Populating the setting
Every setting needs inhabitants that either live in the setting or go through the setting. This is also a thing that can be improvised by experienced DMs but be cautious. Good players realise that you go of your cuff and give the encounter less value than it could have. Improvising characteristics of NPCs might be fine but in my opinion improvising groups or tribes is not.
So populate your setting with anything you like and deem interesting. Also, look at the surrounding areas to get more ideas how the population interacts with the outside world. Lastly, create conflicts and alliances between your factions in the area.
Factions of the Gnarley Forest
There are many human factions in the Gnarley Forest. From the Gnarley Rangers trying to keep the peace, to woodsmen living in small settlements or alone at the borders of the woods. A sorority of swanmays (wereswans) lead by a priestess live somewhere in the depths of trees, devoted to spy on the evil that lays in the forest.
Four clans of wood elves exist, living together in various communities. They usually mind their own business and don’t align with folk from the outside.

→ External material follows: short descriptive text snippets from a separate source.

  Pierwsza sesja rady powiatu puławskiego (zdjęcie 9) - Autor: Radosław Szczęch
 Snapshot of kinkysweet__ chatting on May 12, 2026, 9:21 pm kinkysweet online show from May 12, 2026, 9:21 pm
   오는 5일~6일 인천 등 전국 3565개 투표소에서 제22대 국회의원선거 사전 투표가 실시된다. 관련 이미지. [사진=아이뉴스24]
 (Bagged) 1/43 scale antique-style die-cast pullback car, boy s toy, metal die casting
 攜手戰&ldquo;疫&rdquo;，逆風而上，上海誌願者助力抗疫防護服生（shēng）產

A hidden underground settlement called the Blackthorn cavern is the base of a big number of orcs and gnolls. They plan to excavate more of their cave and need human slaves to do their work.
Also in the forest is a now lost village called Skorane that is only inhabited by undead and a crazy necromancer.

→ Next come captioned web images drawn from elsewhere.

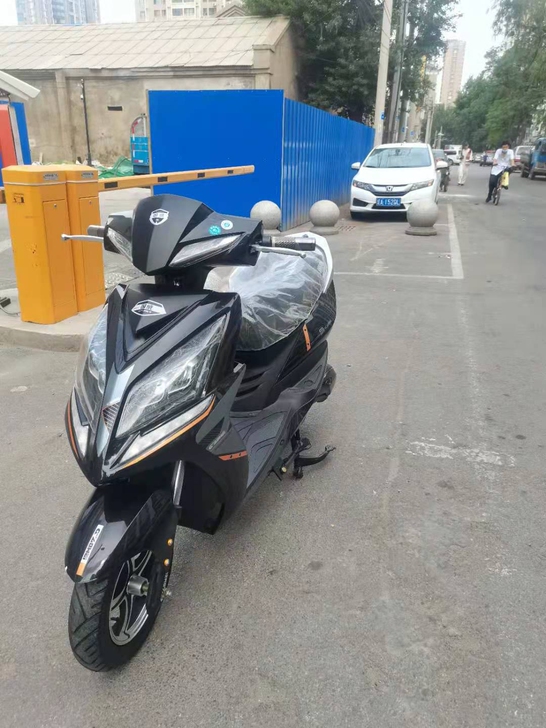 电动车，实拍图，60.72都能用，空车价格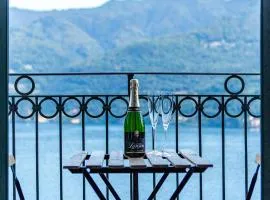 Simo House Stunning Lake View Balcony AC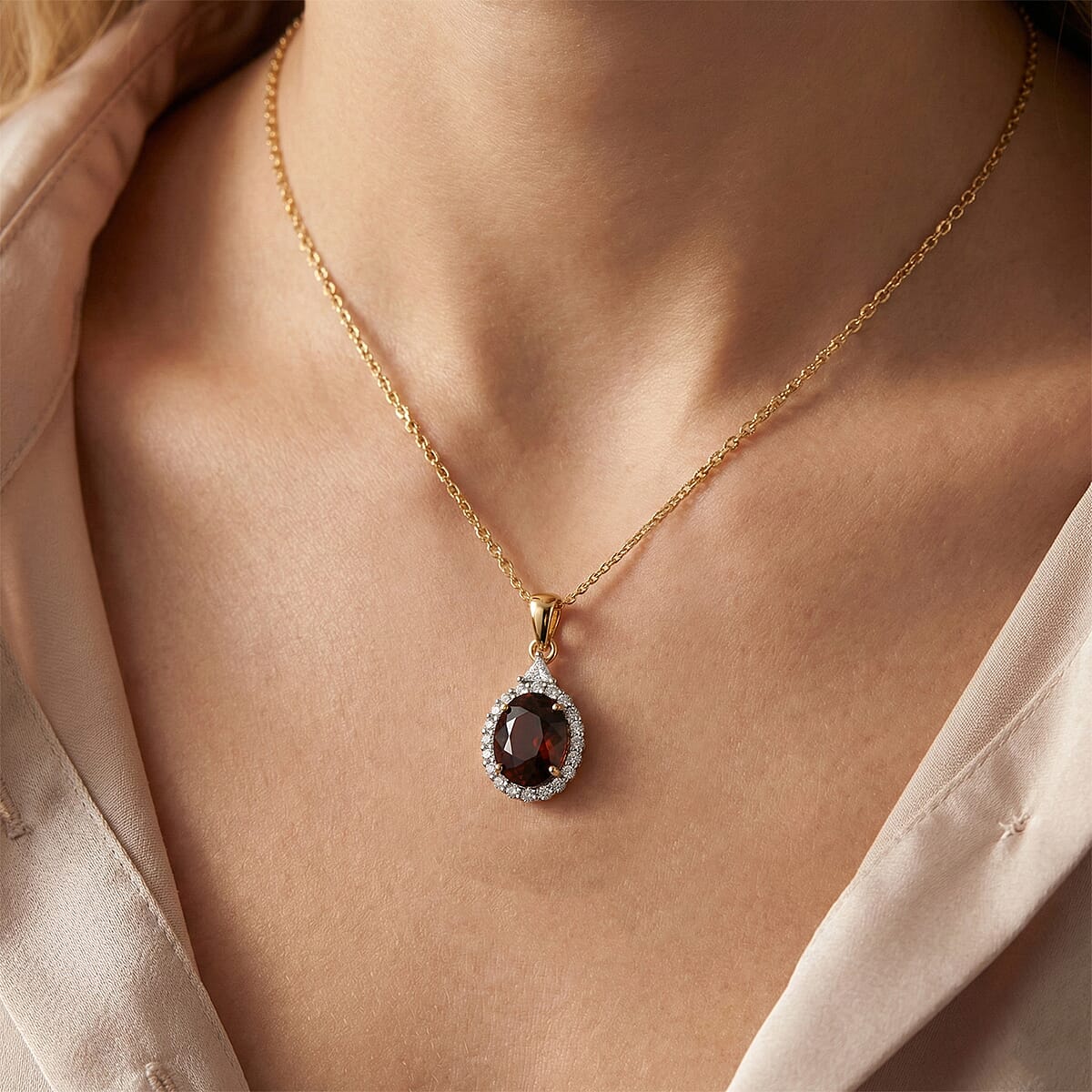 AAA Red Zircon and Luxuriant Lab Grown Diamond E-F VS 4.50 ctw Crownfire Pendant Necklace in 10K Yellow Gold 18 Inches image number 2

These are just a few of all the factions in the area. Druids, faerie folk and werebears can also be found. Monsters typical to forests like owlbears are also likely.

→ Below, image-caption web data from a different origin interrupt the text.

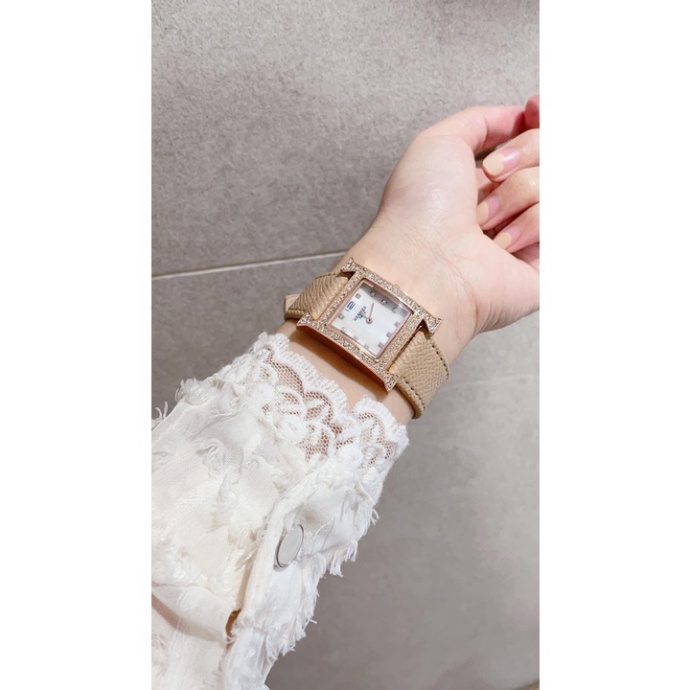 Đồng hồ nữ HERMES dây da mặt vuông đính đá cao cấp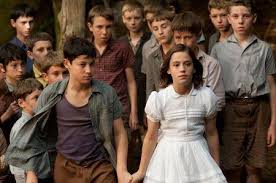 Une guerre particulièrement mouvementée l'année où les troupes rivales. La Nouvelle Guerre Des Boutons Film Popular Century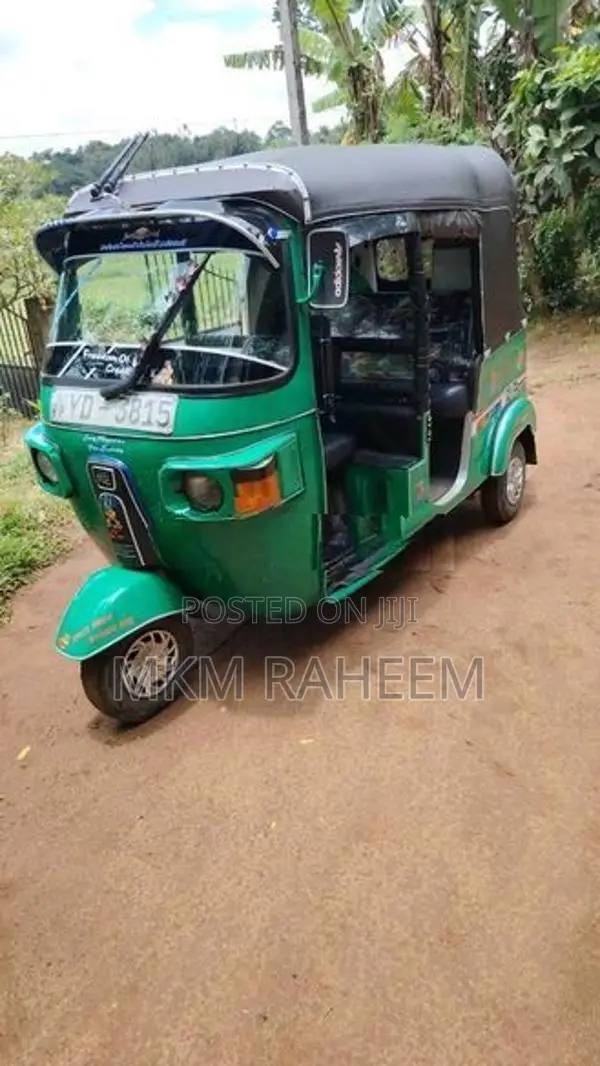 Bajaj RE 2010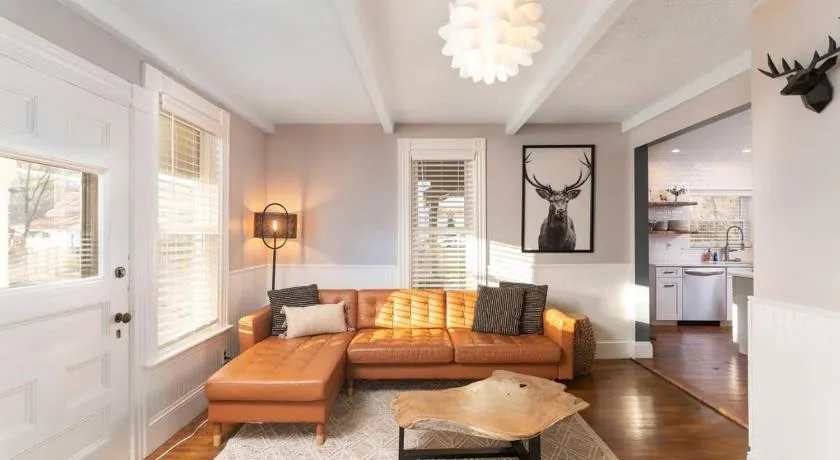 Modern & Cozy Getaway House near Conway lake - Pet Friendly - Image 1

After laying out all the factions and how the Gnarley Forest looks like, we are ready to build encounters. I think you realise by just reading through the paragraphs above how the ideas pop into you head. Frankly, after the base is created, the actual encounter building is very easy.
Try to mix and match the factions, create small subareas in your setting and let the scene play out. Don’t forget you oftentimes don’t have to plan out much what is going to happen. Let the players act to their surroundings and play it out naturally. If the players love an aspect of the encounter and they pursue a way further, that is where you can improvise a little.
For the unlikely situation your players pursue a route that you are not comfortable with yet, call for a 10 minute break and make something up. There is also no shame to end a session early in desperate cases.
So without further ado, here are some encounter ideas.
7 D&D Encounter Ideas for the Gnarley Forest
- A wounded swanmay lies at the riverbed of the Jewel in its hybrid form. A group of orcs attacked them. Normally orcs don’t have magical weapons but these did. They can’t be far.
- A Gnarley Rangers fights a big growling owlbear. His friends is bleeding out and it doesn’t look good for him either. The party just arrives.
- The group comes across a small mystic looking pond. It feels like there is magic in there. When they approach it, a voice with an elven accent comes from one of the thick branches of the next oak tree. “You shouldn’t be here!”, shouts a young wooden elf.
- The party comes across a set of well laid traps. After passing two of them in a minutes walk, a disgruntled woodsman appears. “No wonder there is no game here. What is your deal anyways.”, he exclaims disgruntled.
- Orcs attack! A scouting party of Blackthorn found the party and believe they are strong enough. They are hiding behind thick roots of the trees and see potential slaves in the adventuring group.
- A gnome traveler waves from a thick branch above. He is searching for the swanmays and would love to see them. After reading in a book about them.
- Two druids examine trees. The trees seem to be sick. As the group arrives to greet them, two trees awaken and attack! The necromancer seems to work on new experiments.
So there you have it. 7 easy to plug in encounters for your next session. Do you have to play in the Gnarley Forest? Does it have to be in Greyhawk? No way. You can do whatever you want. It is your table, it is your game.